Cyanotypien fanden in der Wissenschaft und in der Kunst unterschiedliche Verwendung. Die englische Pflanzenforscherin Anna Atkins (1799–1871) arbeitete bereits 1843 mit dem damals neuen Verfahren, um Bilder für die Studien über britische Algenarten von William Henry Harvey (1811–1866) herzustellen. Anstatt wie damals üblich zum Zeichenstift zu greifen, setzte Atkins das Blaudruckverfahren ein und schuf 1843 somit das erste mit Fotografien bebilderte Buch Photographs of British Algae. Cyanotype Impressions (1843–1853, dt. Übersetzung, Fotografien von britischen Algen. Cyanotypische Eindrücke).
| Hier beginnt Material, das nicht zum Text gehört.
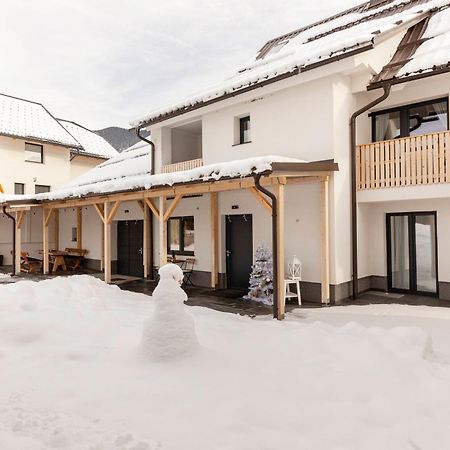 Deluxe Apartments 55 クランスカゴーラ エクステリア 写真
Dieses wird auch heute noch in verschiedenen Ausstellungen gezeigt. Aber auch für andere Arbeitsbereiche war das Verfahren ideal. So machten Ingenieur_innen bis ins 20. Jahrhundert hinein kostengünstige Kopien von ihren Bauplänen, die Blaupausen (auf Englisch blueprints) genannt werden.
Trotz der heute vorwiegend digitalen Technologien bekommt das alte Verfahren der Cyanotypie auch in der zeitgenössischen Kunst wieder vermehrte Aufmerksamkeit. Künstler_innen wie Anna Niskanen (*1990), David Gagnebin-de Bons (*1979), Alan Butler (*1981), Annie Lopez (Geburtsjahr unbekannt) oder Angela Chalmers (Geburtsjahr unbekannt) experimentieren damit, in dem sie nicht nur Papier mit der lichtempfindlichen Eisenbeschichtung bearbeiten, sondern auch andere Materialien wie Stoff oder Keramik.

Literatur

Christina Z. Anderson, Cyanotype. The Blueprint in Contemporary Practice (London: Routledge, 2019).

Brian Arnold, Alternate Processes in Photography. Technique, History, and Creative Potential (New York: Oxford University Press, 2017).

Geoffrey Batchen, Emanations. The Art of the Cameraless Photograph (München; London; New York: DelMonico Books, 2016).

Larry Schaaf und Joshua Chuang (Hg.), Sun Gardens. Cyanotypes of Anna Atkins, Ausst. Kat., New York Public Library (München: Delmonico Books, 2018).

Katharina Steidl, Am Rande der Fotografie. Eine Medialitätsgeschichte des Fotogramms im 19. Jahrhundert (Berlin: De Gruyter, 2019).

Mike Ware, «Herschel’s Cyanotype. Invention or Discovery?», in History of Photography 22, Nr. 4 (Winter 1998), 371–379.